Subprocessor list template for SaaS vendors
Every SaaS company relies on third-party vendors to host infrastructure, send emails, process payments, and run analytics. Those vendors are subprocessors, and every modern buyer expects to see them listed, categorized, and mapped to the data they touch. A messy or missing subprocessor list is one of the fastest ways to stall a security review. This guide explains what a subprocessor is, why procurement teams care, which fields you need to track, and how to maintain a list that answers buyer questions before they become bottlenecks. It also includes a copyable template table you can paste into a spreadsheet or publish directly on your trust center.
What is a subprocessor and why do buyers ask about them?
A subprocessor is any third-party organization that processes personal data or sensitive information on your behalf. If you use AWS for hosting, Stripe for billing, SendGrid for transactional email, or Mixpanel for product analytics, those are all subprocessors. They do not work for your company directly, but they handle data that belongs to your customers.
Buyers and procurement teams ask about subprocessors for three reasons. First, they need to understand the full chain of custody for their data. If a buyer uploads customer records into your platform, those records may flow through your primary database, a backup service, an analytics pipeline, and a customer-support tool. Each link in that chain is a risk surface the buyer must evaluate.

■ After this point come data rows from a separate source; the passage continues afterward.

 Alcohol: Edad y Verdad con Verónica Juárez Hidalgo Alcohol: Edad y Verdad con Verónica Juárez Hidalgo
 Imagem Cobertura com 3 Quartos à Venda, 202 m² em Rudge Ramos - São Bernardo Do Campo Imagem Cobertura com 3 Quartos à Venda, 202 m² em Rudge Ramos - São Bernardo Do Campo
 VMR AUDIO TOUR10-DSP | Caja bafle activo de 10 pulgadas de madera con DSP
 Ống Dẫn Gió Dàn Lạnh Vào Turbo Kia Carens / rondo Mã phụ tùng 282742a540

Second, regulatory frameworks like GDPR, the UK Data Protection Act, and various US state privacy laws require that data controllers inform data subjects about subprocessors. A published subprocessor list is the standard way to meet that obligation.
Third, enterprise buyers often run their own vendor-risk assessments. They score each subprocessor on location, compliance certifications, and contractual protections. If your list is incomplete, outdated, or poorly formatted, the buyer either rejects your assessment or sends a follow-up questionnaire that adds days to the deal cycle.

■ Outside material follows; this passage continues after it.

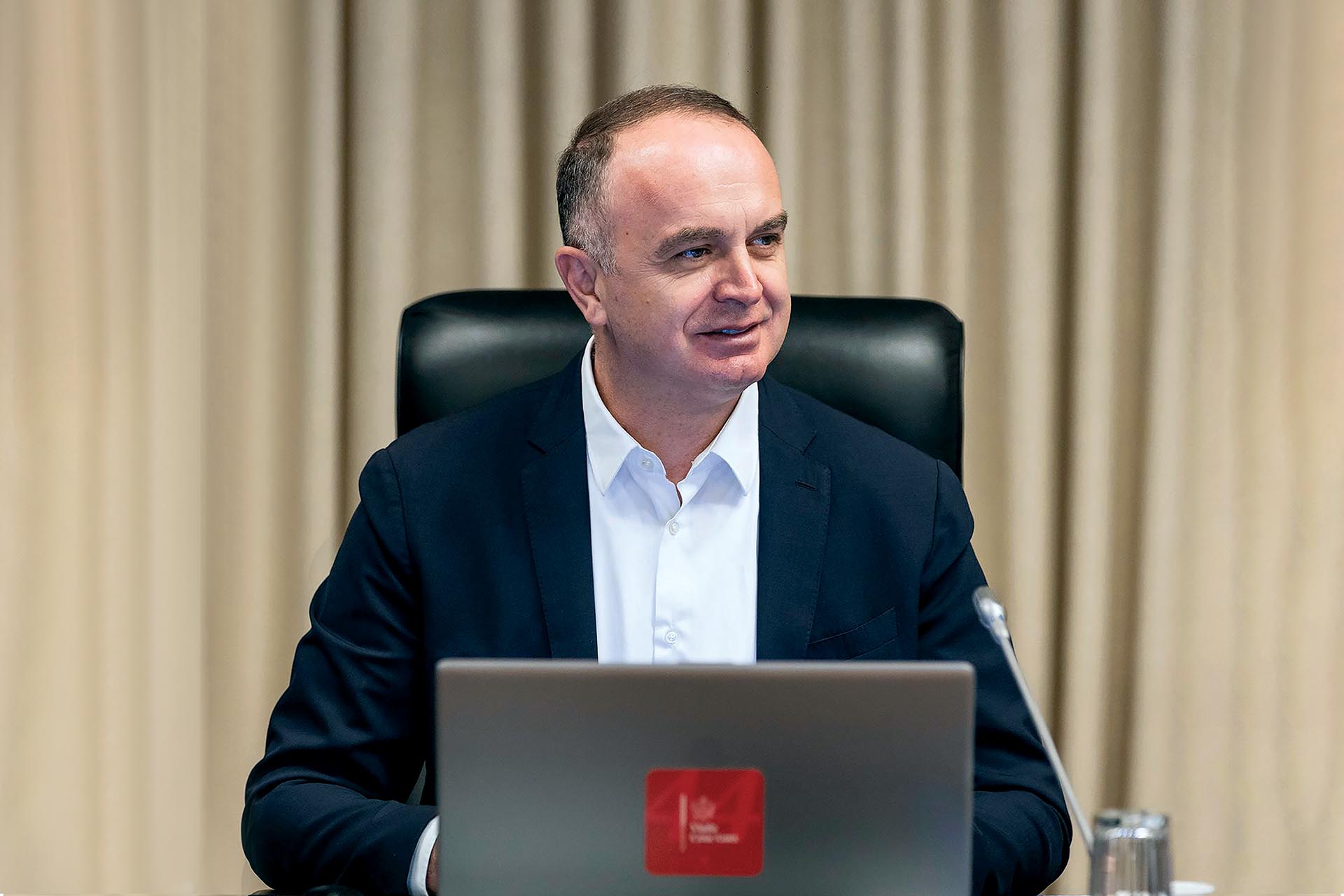 A Thoughtful Approach to Development Policies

The six fields every subprocessor list needs
A useful subprocessor list is more than a column of company names. Buyers want to see context. The six fields below are the minimum viable set that satisfies most procurement questionnaires. Each field answers a specific question the buyer is trying to evaluate.
Vendor name is obvious but worth getting right. Use the legal entity name rather than the product name. Write "Amazon Web Services, Inc." instead of "AWS." Legal teams and compliance databases match on entity names, and mismatches create unnecessary confusion.
Service purpose explains what the vendor does for you. "Hosting and compute" is better than "Infrastructure." "Transactional email delivery" is better than "Email." The purpose tells the buyer which part of their data is exposed and whether the function is critical to availability.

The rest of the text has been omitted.